PoS Plasma Cash with Sharded Validation

A very special thanks to @JustinDrake for all the yummy availability help!

Overview

Plasma Cash, as defined in the Simple Spec, relies on a single Plasma operator. This operator has two strategies which can cause some harm to users of the Plasma Cash chain. The strategies are as follows:

i) The Plasma operator can withhold a single block, forcing all users to exit the chain before they can spend their coins.
ii) The Plasma operator can censor and order transactions.

Because these two strategies exist, users must place significant trust in the central Plasma operator. With these constraints, Plasma Cash would be most comparable to a much safer centralized exchange. We might see multiple Plasma Cash instances, each one being run by a single operator who looks similar to the current centralized exchange operators we have today. This is great for removing any chance of coin theft, but each Plasma Cash chain would end up competing.

An alternative vision for Plasma Cash is, through the use of a PoS sharding solution, constrain the Plasma operators in order to minimize trust. To do this we extend the Plasma Cash Simple Spec with the following alterations:

a) Decentralize block finalization with proof of stake consensus, to mitigate operator strategy (i).
b) Rotate block proposers, to mitigate operator strategy (ii).

With these changes, Plasma Cash operators no longer have privileged status. Multiple exchange-like entities can use the same Plasma Cash chain as block proposers. These proposers are constantly cycled in and out. Without privileged status, users and service providers can pool their liquidity into a single large Plasma Cash chain.

Sharding Validation

Plasma Cash is special because it allows for extremely large blocks. This is what provides its scalability. However, this is problematic for PoS validation because naively all validators would have to download and validate each block. With huge bandwidth and verification requirements, validators would be restricted to well connected data centers–a large centralization vector.

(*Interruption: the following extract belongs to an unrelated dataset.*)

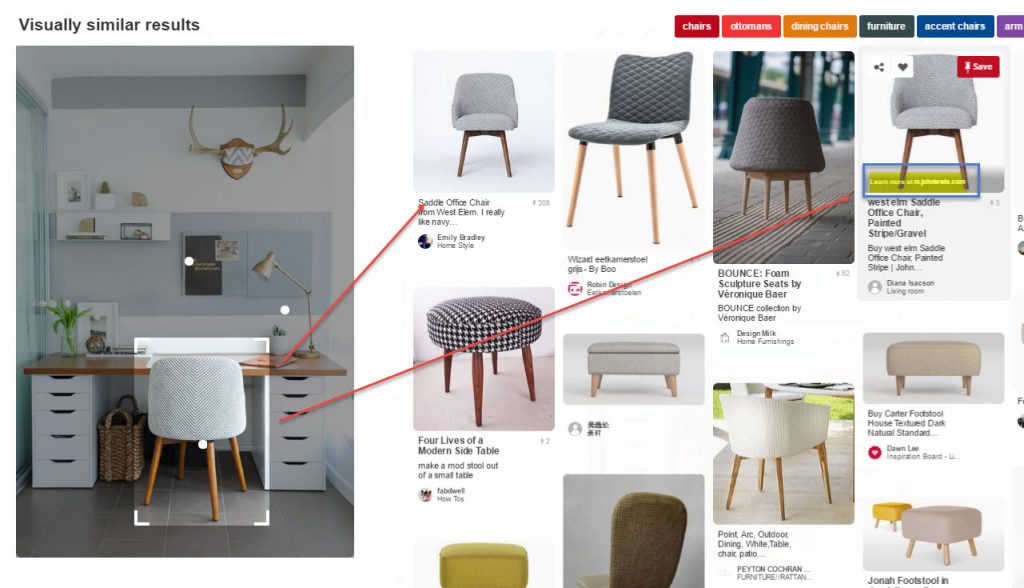 Pinterest optisch ähnliche Ergebnisse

How do we solve this? Well we shard validation! How do we shard validation? There are a number of reasonable schemes. One possibility is a DFinity-style scheme using BLS signatures & an honest majority assumption. This is the scheme assumed to be used in this spec, but further exploration regarding sharded availability schemes is very valuable. Please research!

Protocol Overview

Bonded Participants

  1. A large set of validators, each with a bond of X tokens at stake in the Plasma contract on the mainchain.
  2. A set of block proposers with a large bond of tokens on the mainchain.

Step by step

  1. A Plasma block proposer is selected. This can be done with limited predictability or even privately.
  2. The block proposer collects huge numbers of transactions and creates a huge block (merkle tree). I don’t want to make promises, but I’d say the number of transactions can be pretty massive :money_mouth_face:
  3. Proof of Stake validators are pooled into committees, which are randomly sampled to validate subsections of the block’s merkle tree.
  4. Block proposer distributes subsections of the merkle tree to relevant validators.
  5. Validators check availability & validity of the transactions, and sign a message approving the subsection of the merkle tree.
  6. If a majority of validators in each committee sign off on availability & validity, the Plasma Cash block is included in the main chain. We use BLS signatures so the on-chain overhead is simply checking a single signature. It is important to note this signature verification does cost ~200,000 gas which is rather pricy.
  7. Validators propagate merkle branches of coins to relevant users.
  8. Repeat step (1).

The following is a diagram which further describes this process:

Closing Thoughts

Data Availability

Fundamentally the most critical component to this mechanism is its guarantees around data availability. If all data is available, a Plasma Cash chain can live forever. However, data availability is one of the most difficult problems in the blockchain scalability space.

A DFinity-style scheme guarantees data availability with an honest majority assumption (66%+). However, ideally we can weaken these assumptions in the long term with fraud proofs and erasure encoding.

Slashing

Slashing conditions can be added to the Plasma block proposers. Some example slashing conditions can be:

  1. Slash if an invalid state transition is included in a block.
  2. Slash if two conflicting blocks are signed for the same block height.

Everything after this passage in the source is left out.